Does it result in positive behavior for the right reasons? Or does it just create a false motivation, one driven by fear and punishment? Consequently, if a child is hearing constant negative feedback for their behavior, how long do you think it takes before they start to believe that they are a bad person?
I would venture to guess, that as parents, we all have a common goal :: to raise happy, kind, and successful human beings. If we are all hoping for the same goal for our children, why are we trying to manipulate them into desired behaviors by giving them material rewards for when they do things that are part of life and human decency? Sure, it may work on some kids, but not all. Later on down the road, too, how do you begin to motivate your child to cooperate or do nice things if they are expecting money, or a toy car, or an ice cream cone, as they approach their teen years and adult years? We all know that at your job, if you complete your work, it isn’t likely your boss is going to buy you an ice cream cone once a week to tell you “Good job doing what I am paying you to do.” Many of us do well and work hard at our job because we WANT TO be good at our job. We are intrinsically motivated.

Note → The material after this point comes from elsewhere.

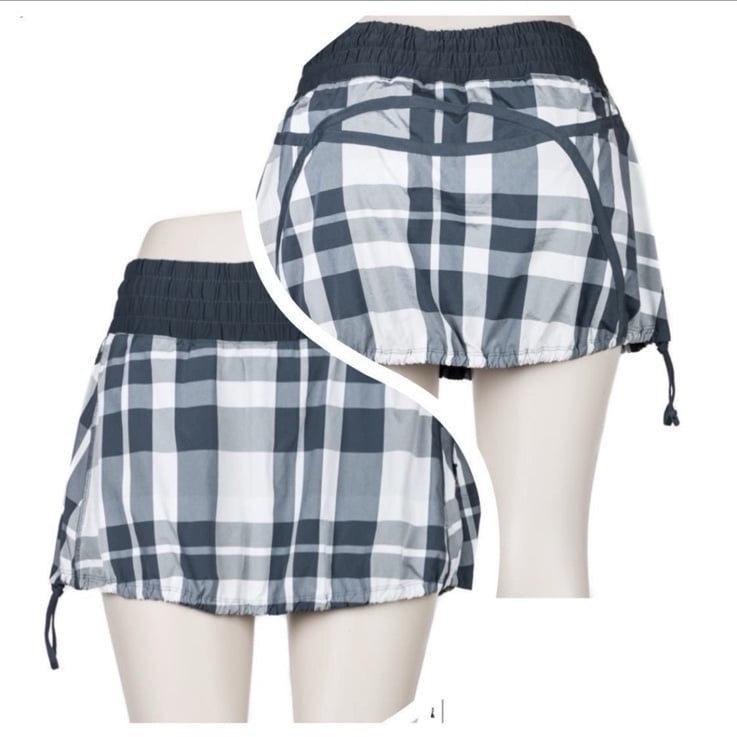 RARE Lululemon Run Leader Of Track Skirt Skort Plaid Balloon Style Sz.8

So how do we create this in our children?
Motivation to behave or be a good person can’t be successful forever if you are constantly giving prizes … the same goes if you are constantly punishing a child for a negative behavior but not giving them any feedback on how to correct the behavior. Our kids are human; they have bad days, they could be tired or hungry, or even anxious or depressed. Just because their problems are seemingly innocuous to us doesn’t mean they are not big to them. They learn from us. If, every time they have a bad day and speak rudely to us, and we just put them in time out for it, are they learning how to correct the problem? How do you think they may try to solve the problem in the future if they are not guided or taught? Or, even more notable, what if we speak to them rudely or disrespectfully – how do you think they would respond? Would they put US in time out?
I have recently read several books by Dr. Ross W. Greene, a child psychologist whose books have changed the way we parent. The main hallmark of how he encourages interaction with our children is “Kids will do well if they can.” Meaning a lot of times, the reason our children may have negative behaviors is because the expectations put on them far exceed their ability to cope and manage them, not because they want to be a pain in the butt. I know, as an adult, if I am in a situation that is difficult for me or makes me angry, I will react with negative behavior. But fortunately, because I am an adult and I have developed skills for managing my emotions, I can pull myself out of a situation and go have my breakdown in private. Unfortunately, our children don’t have that luxury. Their emotional intelligence is not fully developed, yet we expect them to react as though they have the same coping skills. It is up to us, as parents, to teach them, not just put them in time out to figure it out for themselves.
What works in my family
In our family, we feel like reward and behavior charts do nothing to address what causes negative behaviors in children. In order for our children to develop into good human beings, they need to be taught valuable skills in decision making, problem solving, collaboration, and social interaction. Of course, we all know that discipline is not one size fits all, and what works for my family may not work for another. Every child is different and every family has different struggles. Letting go of sticker charts and tokens has made a huge improvement in our family life, and if you try it out, I hope it does the same for you.
This post isn’t to say that I never punish my child.
There are plenty of times when privileges are taken away or he gets time out. But those incidents come with a discussion and often a time out happens by his choice, because he needs and wants time to sit and reflect on his own. Do I think it is perfect? No, not at all. But I do believe that it is far more effective than a sticker on a chart or a token to cash in for a prize. After all, when he does nice things now, he does it because it feels good to help someone or say something nice, not because he’ll get a new Hot Wheel.